# And The Newbies Keep Rollin In...



## Kane's Undertow (May 30, 2009)

Another proud new OB owner here. After selling our Fleetwood E1 last summer, 9 months of research, and a few deals that fell through, we found our OB, inspected it, bought it, and brought it home in a matter of 5 hours.

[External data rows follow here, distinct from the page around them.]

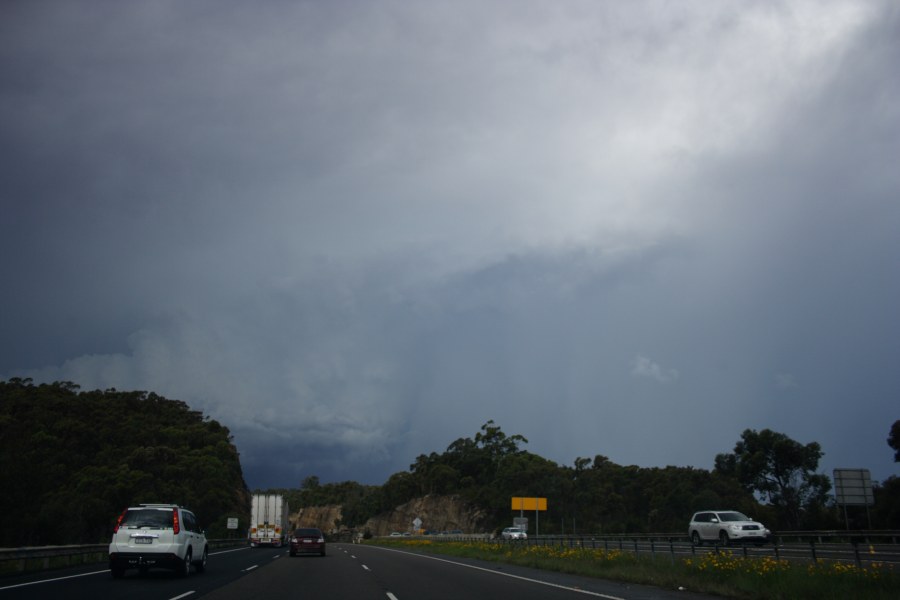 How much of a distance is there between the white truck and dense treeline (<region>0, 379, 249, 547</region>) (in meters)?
13.2

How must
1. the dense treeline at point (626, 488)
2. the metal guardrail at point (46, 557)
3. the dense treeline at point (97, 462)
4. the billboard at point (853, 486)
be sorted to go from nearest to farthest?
the metal guardrail at point (46, 557)
the billboard at point (853, 486)
the dense treeline at point (97, 462)
the dense treeline at point (626, 488)

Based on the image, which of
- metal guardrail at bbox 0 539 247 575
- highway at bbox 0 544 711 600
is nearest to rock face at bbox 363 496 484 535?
metal guardrail at bbox 0 539 247 575

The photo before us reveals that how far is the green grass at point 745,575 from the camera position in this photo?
13.6 m

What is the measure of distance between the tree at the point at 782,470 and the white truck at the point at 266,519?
52.8 meters

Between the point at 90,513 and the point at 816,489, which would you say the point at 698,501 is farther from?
the point at 90,513

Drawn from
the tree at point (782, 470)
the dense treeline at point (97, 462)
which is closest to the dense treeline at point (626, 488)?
the tree at point (782, 470)

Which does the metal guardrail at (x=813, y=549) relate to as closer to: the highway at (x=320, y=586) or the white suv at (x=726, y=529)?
the white suv at (x=726, y=529)

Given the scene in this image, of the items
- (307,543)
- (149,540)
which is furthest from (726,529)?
(149,540)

We are so excited. Can't wait to take it out. Of course we keep reading on the site and have gotten many good ideas for mods etc. Going to buy a gen this week and possibly have the axels flipped too. I am sure we will stay busy between the camping and the mods.


----------



## LarryTheOutback (Jun 15, 2005)

Welcome aboard!

Ed


----------



## tdvffjohn (Mar 10, 2005)

Kane said:


> I am sure we will stay busy between the camping and the mods.


And reading the furum.

Welcome and enjoy the camper

John


----------



## Nathan (Jan 2, 2007)

Welcome, and congrats on the OB!


----------



## California Jim (Dec 11, 2003)

Congrats and welcome


----------



## Ridgway-Rangers (Apr 18, 2008)

WOW, congrats!







have fun with the mods and remember, pictures are a must.
have fun with the new OB,
Brian


----------



## Y-Guy (Jan 30, 2004)

Welcome!


----------



## Sayonara (Jul 23, 2007)

WELCOME AND CONGRATS !!

Enjoy it and stay in touch !!


----------



## 'Ohana (May 20, 2007)

Welcome to Outbackers

Depending on where you hail from, be sure and check for a group get together near by, as it's a great way to learn more about your TT and have lots of fun









Ed


----------



## Oregon_Camper (Sep 13, 2004)

Welcome...Welcome...Welcome.

Glad you found us.









Congrats on the new Outback. You're going to LOVE it.
















Where are you from?


----------



## GoodTimes (Mar 9, 2009)

Going from your Fleetwood to an Outback - you're in the lap of luxury now. Welcome and enjoy!


----------



## Doxie-Doglover-Too (Jan 25, 2007)

BTW- I LOVE Whippets!


----------



## wolfwood (Sep 19, 2005)

To you AND your Outbarkers!!


----------



## ROB & JUDY OUTBACKERS (Mar 9, 2007)

WELCOME ABOARD AND HAPPY CAMPING !
You are going to love your new Outback and this site.


----------



## rock hill (Apr 17, 2009)

sounds great, you are really going to appreciate your OB especially coming from an E1!


----------



## OregonCampin (Mar 9, 2007)

Glad you could join us!!! We went from a pop-up to our Outback too.... what a difference~


----------



## Kane's Undertow (May 30, 2009)

Oregon_Camper said:


> Welcome...Welcome...Welcome.
> 
> Glad you found us.
> 
> ...


Thanks for the warm welcome everyone. We are from Colorado Springs.


----------



## rdvholtwood (Sep 18, 2008)

Welcome!!


----------



## fshr4life (Feb 7, 2009)

Congratulations! You're going to love it!


----------